Referendum 47 says that elected officials should not increase property tax collections by more than inflation (2.6% this year), unless they can identify a "substantial need" to raise taxes higher.
The law's inflation limit was ignored by many local leaders for years. But this year our survey finds they are slowly getting the message. Here I'll present a quick summary of our findings.
We found that in 2001 34 of Washington's 39 counties held their increases in property tax collections to 2.6% or less, by far the highest compliance rate since Referendum 47 passed. Two counties, Columbia and San Juan, actually reduced the amount they collected, thus lowering the tax burden of their citizens. Six counties - Chelan, Kittitas, Pend Oreille, Spokane, Wahkiakum and Whatcom - held their property tax increases to zero, proving it can be done.
That's the good news. The bad news is that some counties have not gotten the message. Five raised taxes by more than inflation, and three of these - Stevens, Pacific and Ferry - levied a 6% hike, the maximum allowed.

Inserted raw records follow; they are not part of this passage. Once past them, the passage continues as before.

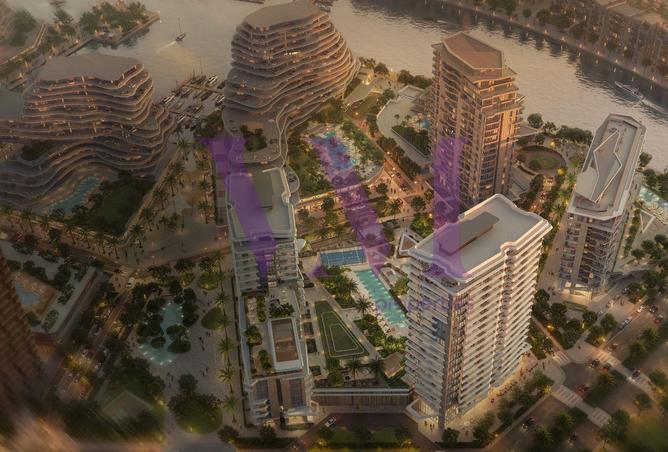 62458121 - Property Image 2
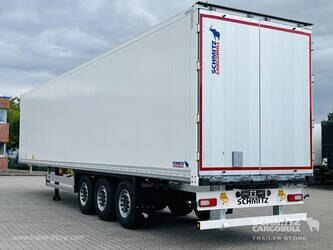 2025-schmitz-others-1407893-45036309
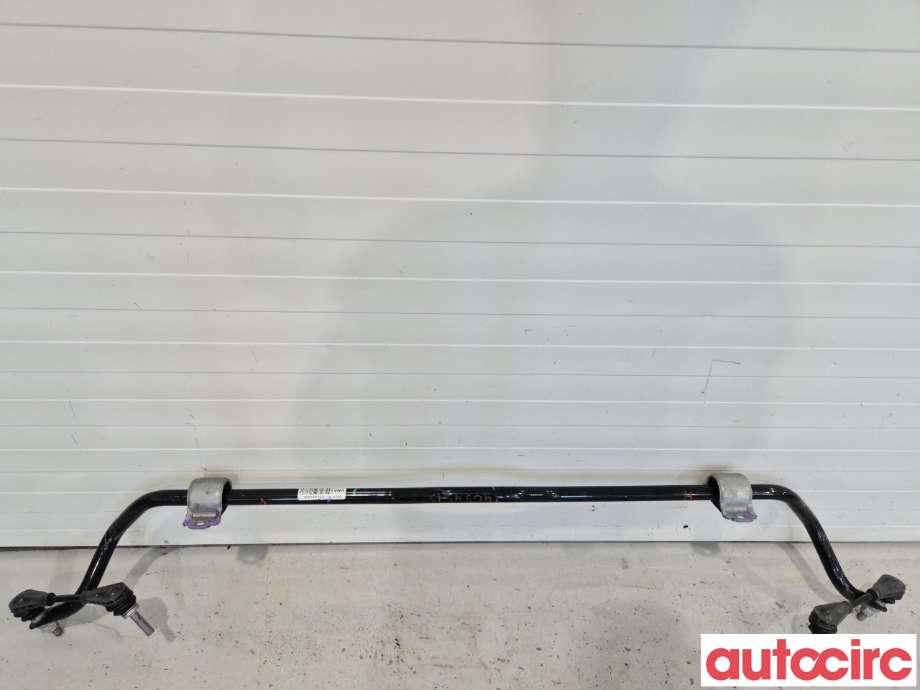 Stabilisatorstag bak til Ford Mustang Mach-e 2020-->> (FORD (US)|2483045||LK9C-5A771-DNA)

The further bad news is that in most counties the tax burden measured over the last four years rose at two or three times the rate of inflation and more. King County boosted property taxes 15%, Yakima County 19%, Pierce County 20%, Whitman County 23%, while inflation over the same period rose less than 7%. Seattle led all cities in raising property taxes, enacting a suffocating 26% hike since 1997. And now Seattle's leaders wonder why the city is running out of affordable housing.
The mathematical effect of annual compounded increases over several years can be enormous. A yearly tax burden subjected to maximum 6% increases will double in 12 years, while it would take 41 years for it to double at the average rate of inflation.
Voter frustration remains high. People expect a major property tax reform to begin providing relief right away, not after four years. That explains much of the current push behind Initiative 747. Given the grudging response elected officials showed to Referendum 47, the popular support for passing an even stricter tax limit is not surprising.